Me gusta mucho, además, viajar solo. Por muchas razones, pero entre ellas porque, como los seres humanos somos seres sociales, cuando viajo solo no tengo la oportunidad de cerrarme en mi grupo de compañeros de viaje y me veo obligado a socializar con extraños. Desconocidos con otra cultura. Me parece increíble, y trato de hacerlo siempre que puedo. Nunca compro souvenirs cuando viajo. Nunca compré ninguno. Ni un llavero, ni un imán. Lo que atesoro de mis viajes, mis souvenirs, son esas charlas que logro tener con perfectos desconocidos cuando me alejo del circuito turístico y voy, por ejemplo, a algún barcito perdido en algún rincón desconocido de una ciudad.

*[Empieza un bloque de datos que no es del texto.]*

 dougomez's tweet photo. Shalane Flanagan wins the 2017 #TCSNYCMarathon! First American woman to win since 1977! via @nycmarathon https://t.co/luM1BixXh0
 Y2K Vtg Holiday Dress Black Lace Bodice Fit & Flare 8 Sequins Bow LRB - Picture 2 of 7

Esa vez estaba en Edimburgo. Si algún día pueden ir, vayan. Esa ciudad es mágica. Mágica no, en realidad, y sobre todo de noche, es atemorizante. Pero en el buen sentido. Está llena de historias sobrenaturales, hay tours nocturnos por los cementerios, está llena de pasadizos estrechos y oscuros a la salida de los cuales uno puede encontrarse a un actor disfrazado de fantasma corriendo y dando alaridos. Y está llena de escoceses, uno de los pueblos más amables que he conocido.
Me llamó la atención, sí, la cantidad de gente que vi viviendo en la calle. Algo que, repito, había asumido de antemano que no vería en un país así. Había una chica que estaba siempre frente al hostel en el que me estaba quedando. Con un cartelito pidiendo ayuda. Con un vaso de plástico en el que a veces había algunas monedas. Con un bolsito, y un par de frazadas.

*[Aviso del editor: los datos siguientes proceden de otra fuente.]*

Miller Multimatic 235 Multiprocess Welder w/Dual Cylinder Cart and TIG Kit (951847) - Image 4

Yo había cambiado dinero en, lógicamente, libras esterlinas. Cuando cambié me dieron muchos billetes de 20 libras, y uno solo de 50. Al momento de cambiar, no sé por qué, pensé que a ese billete de 50 tenía que darle un uso especial. Lo que cuento pasó hace varios años ya. Por los precios que vi en Edimburgo en ese momento 50 libras eran, además, una cifra nada despreciable.
Una noche gélida, volviendo al hostel después de haber visitado innumerables bares, volví a ver a esta chica sentada en la calle envuelta en una frazada, con su cartelito y su vaso. Como he dicho, me llamaba mucho la atención ver personas en esa situación en países donde yo creía que no habría tal cosa. Y estaba viajando solo, por lo que mi capacidad de socialización con extraños estaba en su máximo nivel. Así, decidí hablar con ella. Después de pedirle permiso me senté junto a ella en la calle. Ni le mentí ni traté de darle muchas vueltas a la cosa. Le conté quién era yo, de dónde venía, y le dije sin más que me llamaba la atención ver gente en su situación en un país así, y que me gustaría conocer su historia.

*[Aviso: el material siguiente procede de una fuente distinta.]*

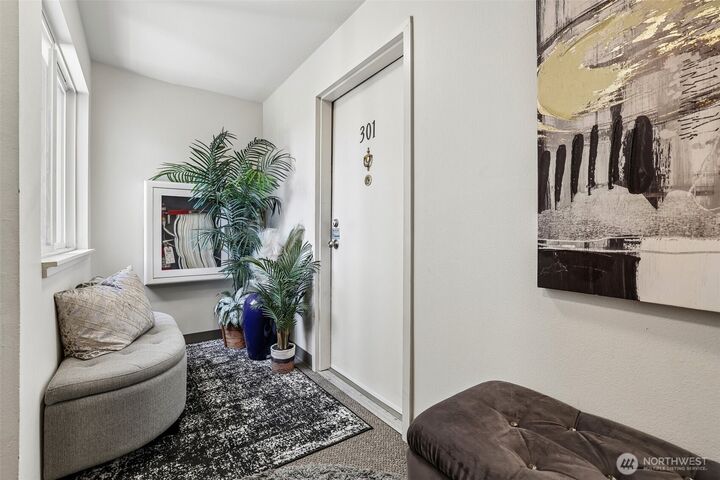Property Photo: 1312 S Massachusetts Street 301 WA 98144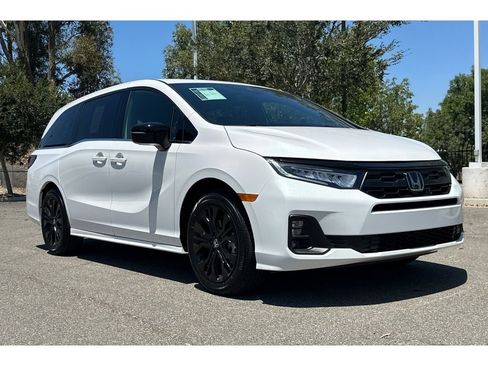 Used 2026 Honda Odyssey Sport-L image 8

Ella se mostró interesada. Sonrió al principio, y luego, entre risas y lágrimas, soltó su historia. Que se llamaba Daniela, que era rumana, que había emigrado a Escocia buscando un futuro mejor pero que había tenido mala suerte. Y también preguntaba. ¿Por qué había viajado yo a un destino tan frío? Porque lo peor de Escocia, me decía ella, es el frío. A mí se me ocurrió preguntarle si volver a Rumania era una opción, y ella me dijo que en ese momento era presa de su situación, que un pasaje de avión era algo inalcanzable, que su preocupación era conseguir, diariamente, algo de dinero para comprar comida, y protegerse del frío. Porque lo peor, repetía, es el frío, y me volvía a preguntar por qué no había elegido un destino más cálido para mis vacaciones. Después de un rato de charla nos dimos un apretón de manos y nos miramos sonriendo y con los ojos llorosos. Yo entendí en ese momento que ese billete de 50 libras al que quería darle un uso especial era para ella, y se lo regalé. Nos despedimos, yo seguí mi camino a mi hostel con el alma estrujada por la historia de esta chica y con el engañoso alivio de que, al menos, le había solucionado el presupuesto por algunas semanas.
Al día siguiente, en la tarde, me la volví a cruzar. Sonriente, felicísima. Con una pequeña bolsa de una tienda de ropa cara.